* GIVEN DATA *
↓↓↓

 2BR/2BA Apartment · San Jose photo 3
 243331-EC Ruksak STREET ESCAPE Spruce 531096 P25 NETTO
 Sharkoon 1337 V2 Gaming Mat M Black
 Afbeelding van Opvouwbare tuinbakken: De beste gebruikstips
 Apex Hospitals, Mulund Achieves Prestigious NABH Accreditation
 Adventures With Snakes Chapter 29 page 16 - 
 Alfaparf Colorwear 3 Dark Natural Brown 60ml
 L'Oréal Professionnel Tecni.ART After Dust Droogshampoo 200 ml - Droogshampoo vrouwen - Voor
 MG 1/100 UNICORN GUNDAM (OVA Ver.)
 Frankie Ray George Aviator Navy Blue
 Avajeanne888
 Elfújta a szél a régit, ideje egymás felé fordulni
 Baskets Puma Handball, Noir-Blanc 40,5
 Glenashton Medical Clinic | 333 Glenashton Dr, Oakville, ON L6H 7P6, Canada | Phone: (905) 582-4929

↑↑↑
↓↓↓

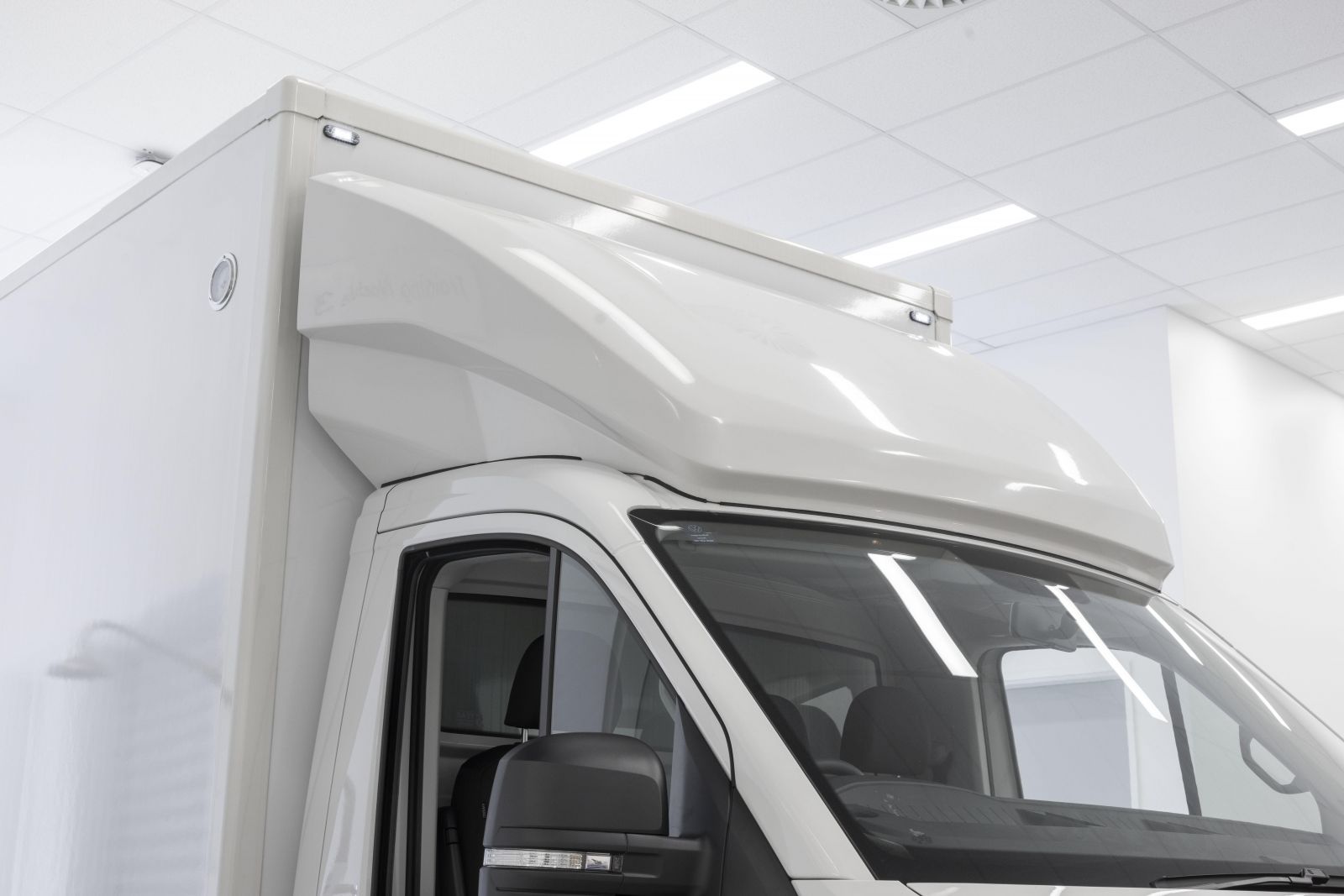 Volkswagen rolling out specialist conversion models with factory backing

↑↑↑

* TASK DIRECTIONS *
Beginning with the line holding "Baskets Puma Handball, Noir-Blanc 40,5" and ending with the line holding "Glenashton Medical Clinic", write out the stretch of material above exactly; add no further lines.

* PROBLEM SOLUTION *
 Baskets Puma Handball, Noir-Blanc 40,5
 Glenashton Medical Clinic | 333 Glenashton Dr, Oakville, ON L6H 7P6, Canada | Phone: (905) 582-4929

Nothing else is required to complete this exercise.